Leaving Neverland director addresses alleged discrepancy in James Safechuck's claims against Michael Jackson
Leaving Neverland director Dan Reed has responded to claims that James Safechuck made an error in his sexual abuse allegations against Michael Jackson.
The documentary, which aired in the US and across the UK and Ireland last month, features interviews with Safechuck and Wade Robson, who both allege they were abused by the late singer, as well as members of their families.
The men, now aged 40 and 36 respectively, claim they were abused by Jackson on numerous occasions and at various locations when they were children. The Michael Jackson Estate vehemently denies the allegations.
However, Michael Jackson biographer Mike Smallcombe claims there is an error in Safechuck's timeline of events, specifically relating to his claim that he was abused at Neverland's train station.
In his lawsuit against Jackson's estate, Safechuck claims he was abused between 1988 and 1992.
In the documentary he claims he was assaulted in an upstairs room of the train station. However, Smallcombe shared construction plans on Twitter of the train station, which show that it was approved for construction on September 2, 1993 and was opened in 1994.
Leaving Neverland director Reed responded to the tweet by saying, "Yeah there seems to be no doubt about the station date. The date they have wrong is the end of the abuse."
Reed later released a statement to NME saying that the abuse is also alleged to have happened after the construction of the train station.

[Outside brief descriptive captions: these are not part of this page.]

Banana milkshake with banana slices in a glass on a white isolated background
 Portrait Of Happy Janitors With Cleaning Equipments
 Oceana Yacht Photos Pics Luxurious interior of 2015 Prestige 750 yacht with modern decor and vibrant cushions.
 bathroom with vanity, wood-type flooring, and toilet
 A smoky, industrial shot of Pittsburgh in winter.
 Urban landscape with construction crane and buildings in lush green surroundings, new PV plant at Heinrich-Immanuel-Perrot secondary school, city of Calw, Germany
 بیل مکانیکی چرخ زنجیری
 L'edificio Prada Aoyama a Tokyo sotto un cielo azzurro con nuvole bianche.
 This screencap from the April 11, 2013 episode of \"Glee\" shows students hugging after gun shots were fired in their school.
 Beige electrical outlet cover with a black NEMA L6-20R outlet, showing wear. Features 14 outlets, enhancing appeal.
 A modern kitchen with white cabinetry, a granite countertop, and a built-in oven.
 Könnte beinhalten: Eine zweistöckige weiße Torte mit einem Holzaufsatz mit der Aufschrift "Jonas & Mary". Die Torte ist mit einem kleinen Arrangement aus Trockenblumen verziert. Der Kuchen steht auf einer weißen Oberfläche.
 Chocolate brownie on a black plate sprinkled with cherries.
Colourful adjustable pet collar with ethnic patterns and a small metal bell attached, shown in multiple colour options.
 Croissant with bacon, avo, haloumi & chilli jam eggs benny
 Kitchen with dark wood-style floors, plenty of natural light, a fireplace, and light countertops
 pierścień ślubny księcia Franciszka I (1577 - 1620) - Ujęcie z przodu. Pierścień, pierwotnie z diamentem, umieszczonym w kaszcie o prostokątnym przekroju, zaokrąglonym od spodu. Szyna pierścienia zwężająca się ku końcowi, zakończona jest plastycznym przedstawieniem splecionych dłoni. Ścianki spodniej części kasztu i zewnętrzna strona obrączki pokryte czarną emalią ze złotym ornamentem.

"James Safechuck was present at Michael Jackson's Neverland Valley Ranch both before and after the construction of the train station there," he said.
"The two still photographs of the train station shown in the documentary were taken by Safechuck and provided to the film-maker by him.
"Safechuck's testimony in the film is that he was abused by Jackson in multiple places over several years, into his teens."
Smallcombe also alleges that Wade Robson was lying in the documentary when he said his family travelled to the Grand Canyon for several days and left him alone with Jackson at Neverland.
He claims Wade's mother Joy testified "under oath in a deposition in 1993/1994 in relation to the Jordie Chandler case" that Wade had travelled to the Grand Canyon with his family.
Speaking to NME, he said, “These are two extremely detailed and key stories in the documentary – especially in the case of Wade Robson – which have been provably fabricated.
“And while this doesn’t categorically rule out that Jackson abused them, it does make you wonder, if they’ve fabricated these stories, what about the rest?”